Starbucks explained that they are investing in new technologies that will make the lining in their
coffee cups much easier to break down and therefore easier to recycle. They have teamed up with
other coffee chains and restaurants, such as McDonalds, to increase their chances of finding a
solution. Starbucks are also planning on eliminating plastic straws in their stores next year and have
already introduced 5p charges for using paper cups in their stores.
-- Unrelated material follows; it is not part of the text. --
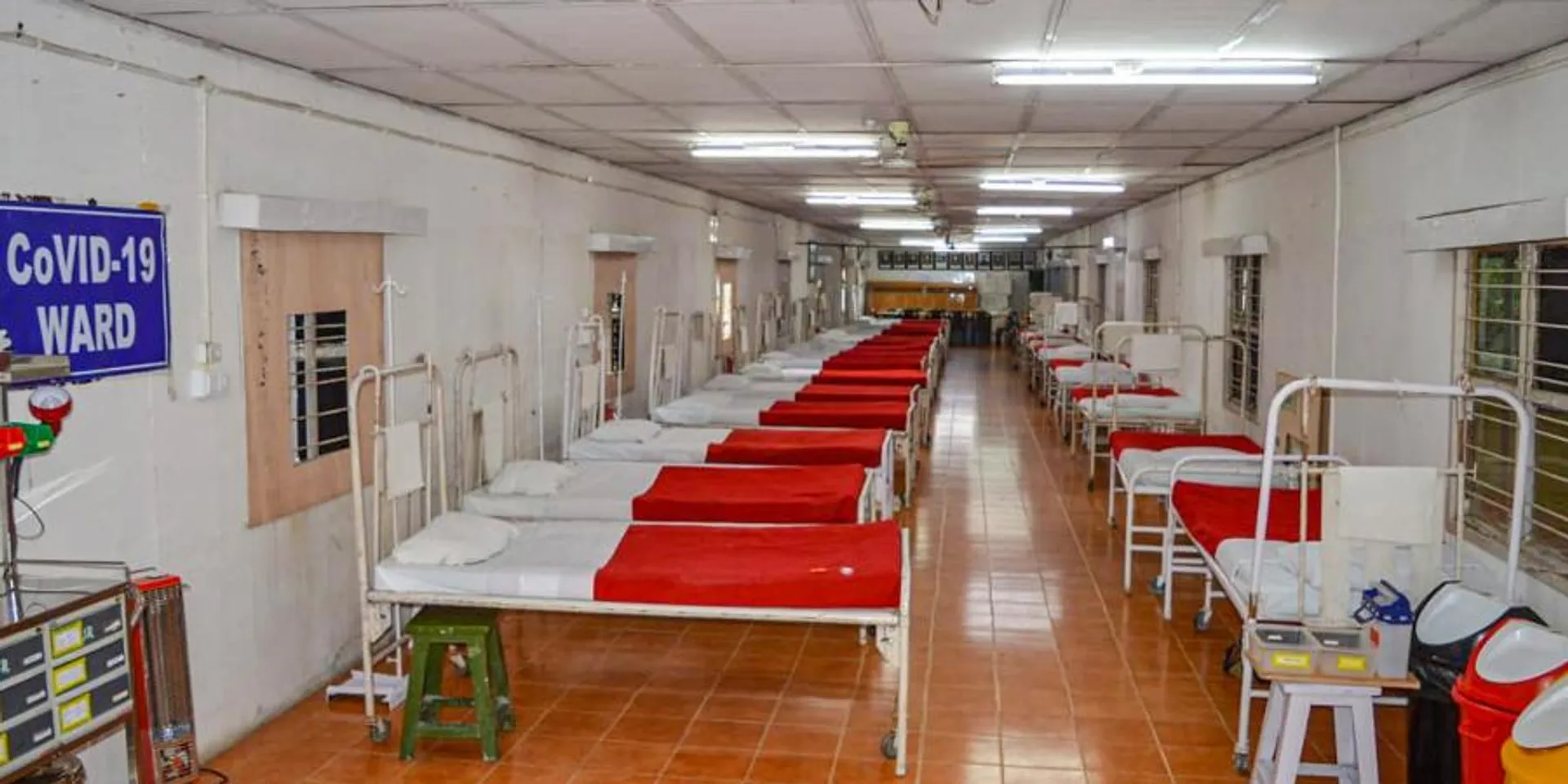 କରୋନା କାଳରେ ଘରୋଇ ହସ୍ପିଟାଲ‌ରେ ଶୋ‌ଷଣ; ବେଆଇନ ଭାବେ ଚାଲିଛି ଶତାଧିକ ଡାକ୍ତରଖାନା!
Following the meeting, Anne said:
“One of the main reasons why we brought Starbucks in to meet the APPG is that they are clearly
trying to tackle this problem head on. They admit themselves that introducing 5p charges on paper
cups and offering 25p discounts to customers with reusable coffee cups was a bold strategy at the
time, but it has paid off.
“The UK’s coffee culture continues to grow and that means thousands more takeaway coffee cups
going into landfill every day. Starbucks, by combining with other coffee shops, can make a real
difference in how much of that goes to waste. If they can change the way their customers think
about throwaway cups and encourage us all to use more reusable containers then that is a good
“They told me that in just two years, we have gone from 1 in 400 coffee cups being recycled to 1 in
25. That’s a major achievement but we all know there is more to be done.”